La Victoria Excelsior, nuova società di Donato, il 4 aprile 1920 organizzò il Meeting di Pasqua, dando modo al suo atleta di conquistare una vittoria alla vigilia della «Cento Chilometri», in programma una settimana dopo. Nella “classica” della «Gazzetta dello Sport» dominò, sgretolando la resistenza di Silla Del Sole, che dovette ritirarsi a Cesano Maderno, e rifilando quasi un’ora di distacco ai bersaglieri Nestore Bonini e Angelo Paoletti, giunti appaiati al traguardo e classificati al secondo posto pari merito. Questo ex-aequo non deve sorprendere: la presenza dei militari, ed in particolare dei fanti piumati del 12° Reggimento, con la caratteristica di marciare in gruppo è stata per anni una costante della manifestazione.
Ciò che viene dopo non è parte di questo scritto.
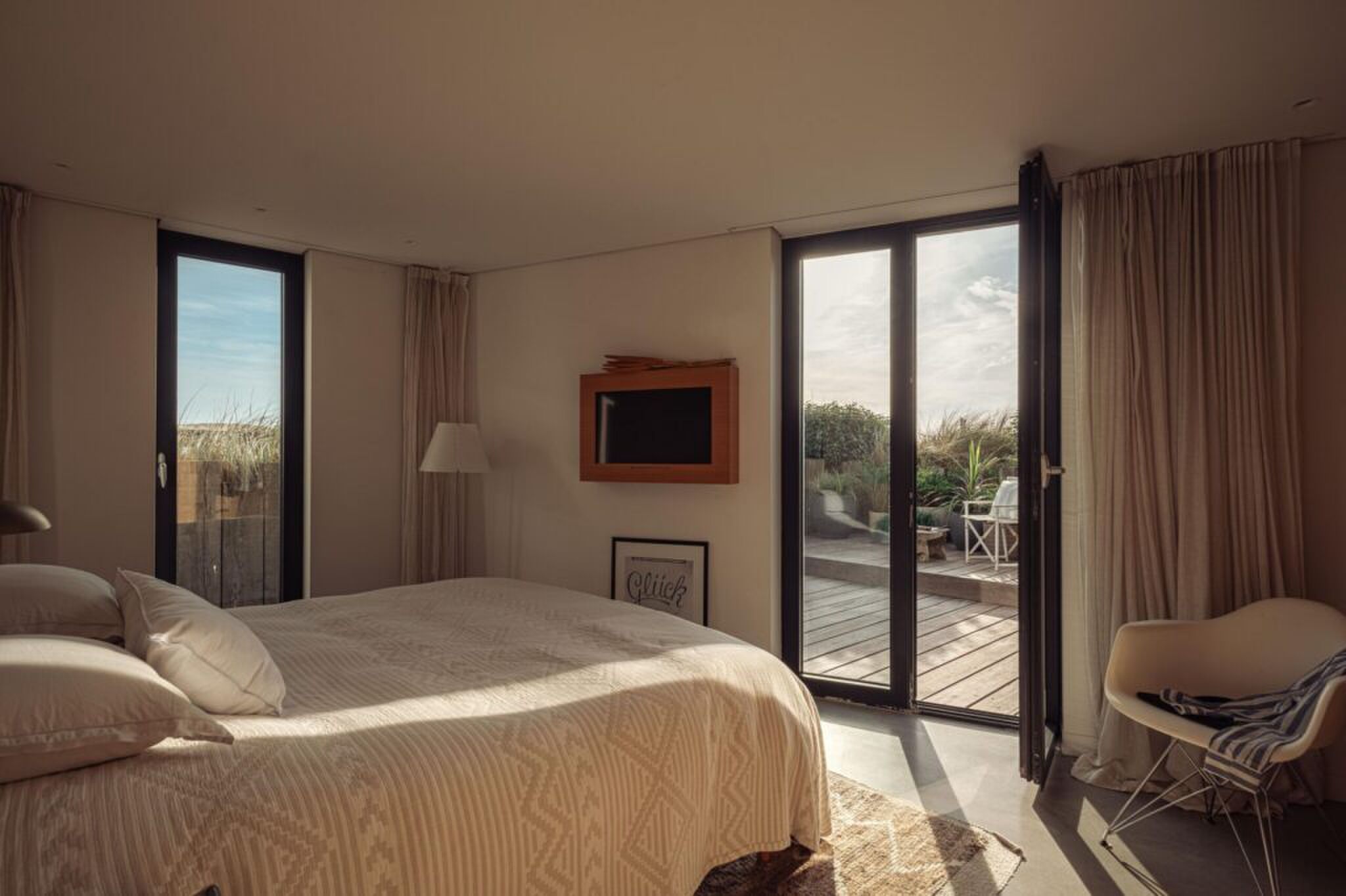 Een van de luxe slaapkamers.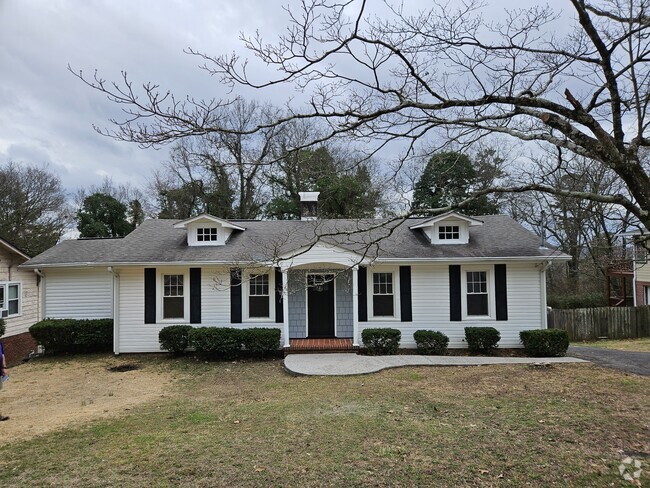 Building Photo - 632 Signal Mountain Blvd Rental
Seguirono le gare pre-olimpiche che, nonostante risultati piuttosto alterni, portarono alla sua convocazione per entrambe le gare di marcia, poi vinte dal concittadino Ugo Frigerio. Tristi ricordi per Donato, quelli di Anversa, così commentati dalla «Stampa Sportiva» per la 10 chilometri: “Mentre per il 1. e 2. posto ormai lottano solo Peermann (Pearman) e Frigerio, Pavesi e Parker si disputano il 3. posto. L’italiano passa Parker al 13. giro, mentre Frigerio aumenta per doppiare l’inglese Heyr (Hehir).  Al 14. giro, mentre Pavesi lotta con Parker il giudice australiano (notare che Parker è australiano) toglie Pavesi dalla lotta squalificandolo, senza averlo per due volte avvertito come prescrive il regolamento per andatura scorretta. Ciò solleva generali proteste del pubblico e dei giornalisti”. Non andò meglio nella finale della 3 chilometri, raggiunta dopo un primo posto in batteria: “Pavesi giunto al traguardo 6. è stato squalificato di nuovo ingiustamente dal giudice di marcia per scorrettezza di andatura”; sperando nell’accettazione di un reclamo aveva proseguito la gara. Invano. A Roma, il 20 settembre, nel Campionato della maratona di marcia fu nuovamente battuto dal triestino Umek, altro atleta che ha scritto la storia della marcia in quelle stagioni.